(UroToday.com) The 2025 ASTRO annual meeting featured a localized prostate cancer session and a presentation by Dr. Kaori Fukunishi discussing treatment outcomes and prognostic factors of carbon ion radiation therapy for localized prostate cancer. Carbon ion radiation therapy is characterized by its excellent dose concentration and high biological effectiveness.
In localized prostate cancer, carbon ion radiation therapy is expected to provide high local control rates and reduce adverse events. This study retrospectively analyzed the treatment outcomes and prognostic factors of carbon ion radiation therapy for prostate cancer at a single Japanese institution.
Patients who underwent carbon ion radiation therapy for localized prostate cancer between August 2013 and July 2024 were included in the study. The total dose administered was 51.6 Gy in 12 fractions over 3 weeks. The endpoints evaluated included biochemical recurrence-free survival, overall survival, cancer-specific survival, local control rate, and acute and late adverse events. Prognostic factor analysis was conducted for age, sex, performance status, disease stage, and other clinical parameters.
A total of 7,054 patients with histologically confirmed localized prostate cancer underwent carbon ion radiation therapy during the study period. The median age was 71 years (range: 40–92 years). The distribution of T-stage classification was as follows:
- T1a: n = 8
- T1b: n = 10
- T1c: n = 2,158
- T2a: n = 2,124
- T2b: n = 692
- T2c: n = 1,062
- T3a: n = 696
- T3b: n = 269
- T4: n = 35
The Gleason score distribution was as follows:
- Gleason 4: n = 1
- Gleason 5: n = 4
- Gleason 6: n = 1,208
- Gleason 7: n = 3,204
- Gleason 8: n = 1,613
- Gleason 9: n = 918
- Gleason 10: n = 104
- Unclassifiable: n = 2
The median PSA level was 8.05 ng/mL (range: 1.04–473 ng/mL). According to the D'Amico classification, 755 patients were classified as low-risk, 2,631 as intermediate-risk, and 3,668 as high-risk. The median follow-up period was 43 months (maximum: 136 months).

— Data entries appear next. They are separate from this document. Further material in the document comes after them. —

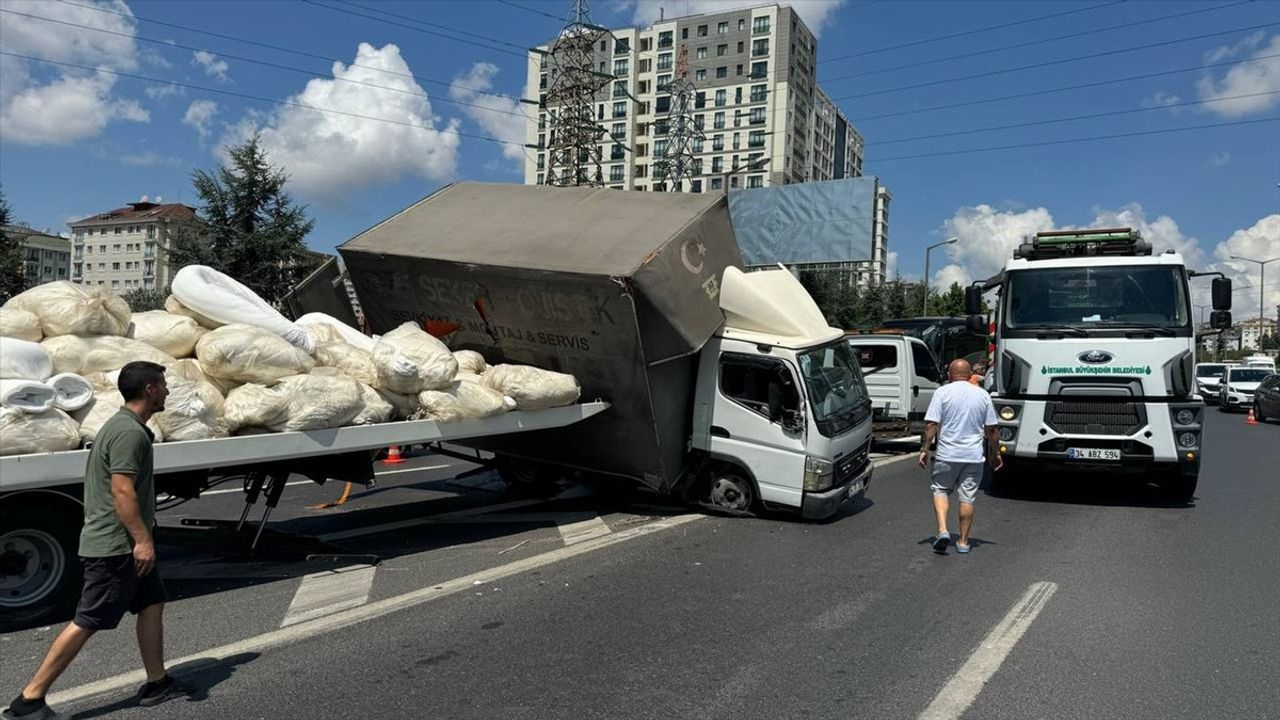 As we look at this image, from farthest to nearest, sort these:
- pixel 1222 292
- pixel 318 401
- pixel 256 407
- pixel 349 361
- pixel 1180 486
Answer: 1. pixel 1180 486
2. pixel 1222 292
3. pixel 349 361
4. pixel 318 401
5. pixel 256 407

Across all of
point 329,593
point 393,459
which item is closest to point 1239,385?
point 393,459

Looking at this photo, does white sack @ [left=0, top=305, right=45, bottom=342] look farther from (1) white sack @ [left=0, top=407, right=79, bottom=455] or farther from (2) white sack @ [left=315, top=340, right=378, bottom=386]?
(2) white sack @ [left=315, top=340, right=378, bottom=386]

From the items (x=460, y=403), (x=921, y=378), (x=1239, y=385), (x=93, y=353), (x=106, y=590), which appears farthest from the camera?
(x=1239, y=385)

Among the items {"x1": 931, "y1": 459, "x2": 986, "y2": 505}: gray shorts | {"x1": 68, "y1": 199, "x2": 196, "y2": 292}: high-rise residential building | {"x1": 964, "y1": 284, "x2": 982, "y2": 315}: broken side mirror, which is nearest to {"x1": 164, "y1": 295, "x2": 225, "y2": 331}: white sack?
{"x1": 931, "y1": 459, "x2": 986, "y2": 505}: gray shorts

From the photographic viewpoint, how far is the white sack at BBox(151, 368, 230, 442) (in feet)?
17.4

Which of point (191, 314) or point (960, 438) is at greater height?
point (191, 314)

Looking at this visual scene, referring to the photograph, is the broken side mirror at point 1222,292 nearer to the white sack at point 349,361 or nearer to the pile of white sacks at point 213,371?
the pile of white sacks at point 213,371

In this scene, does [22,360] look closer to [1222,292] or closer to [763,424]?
[763,424]

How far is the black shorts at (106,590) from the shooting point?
3777 mm

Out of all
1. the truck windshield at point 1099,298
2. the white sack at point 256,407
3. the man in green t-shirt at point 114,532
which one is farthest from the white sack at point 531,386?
the truck windshield at point 1099,298

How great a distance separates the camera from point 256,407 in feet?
18.8

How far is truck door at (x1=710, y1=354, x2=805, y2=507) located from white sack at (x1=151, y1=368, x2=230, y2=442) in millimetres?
4631

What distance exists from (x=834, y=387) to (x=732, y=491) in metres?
1.53

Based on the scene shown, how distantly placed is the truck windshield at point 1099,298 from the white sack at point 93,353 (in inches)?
362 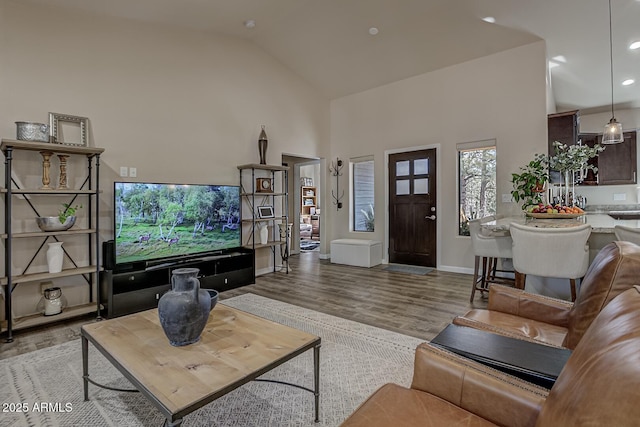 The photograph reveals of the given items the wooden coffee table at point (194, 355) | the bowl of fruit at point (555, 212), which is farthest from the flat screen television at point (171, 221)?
the bowl of fruit at point (555, 212)

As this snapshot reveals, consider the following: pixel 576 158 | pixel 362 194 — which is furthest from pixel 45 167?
pixel 576 158

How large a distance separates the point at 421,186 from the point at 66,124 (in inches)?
200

For the entire cohort, the 5-year biochemical recurrence-free survival was 92.0%, overall survival was 96.3%, cancer-specific survival was 99.8%, and local control rate was 98.2%. According to risk classification, the 5-year biochemical recurrence-free survival, overall survival, cancer-specific survival, and local control rates were:
- Low risk: 92.0%, 98.4%, 100%, and 96.5%, respectively
- Intermediate risk: 94.0%, 97.6%, 99.9%, and 98.1%, respectively
- High risk: 90.4%, 94.8%, 99.6%, and 98.8%, respectively

Multivariate analysis identified age (>= 76 years), D'Amico classification (high risk), Gleason score (>=8), duration of ADT (>= 24 months), and diabetes mellitus status (present) as significant prognostic factors for overall survival. A total of 18 cases (0.26%) with grade 3 or higher adverse events were observed. Among acute adverse events, three cases of grade 3 dysuria were observed. Among late adverse events, six cases of grade 3 rectal hemorrhage and eight cases of grade 3 hematuria were observed. No grade 4 or higher adverse events were reported.
Carbon-ion radiation therapy in the context of published treatment outcomes of localized prostate cancer is highlighted in the following table:
Dr. Kaori Fukunishi concluded her presentation discussing treatment outcomes and prognostic factors of carbon ion radiation therapy for localized prostate cancer with the following take-home points:
- This study indicates that carbon ion radiation therapy is an effective treatment for localized prostate cancer with a low incidence of severe adverse events
- Age, D'Amico classification, Gleason score, ADT duration, and diabetes mellitus status were identified as potential prognostic factors for overall survival
Presented by: Kaori Fukunishi, Ion Beam Therapy Center, SAGA-HIMAT Foundation, Tosu, Japan
Written by: Zachary Klaassen, MD, MSc – Urologic Oncologist, Associate Professor of Urology, Georgia Cancer Center, Wellstar MCG Health, @zklaassen_md on Twitter during the 2025 American Society for Radiation Oncology (ASTRO) Annual Meeting, San Francisco, CA, Sat, Sept 27 – Wed, Oct 1, 2025.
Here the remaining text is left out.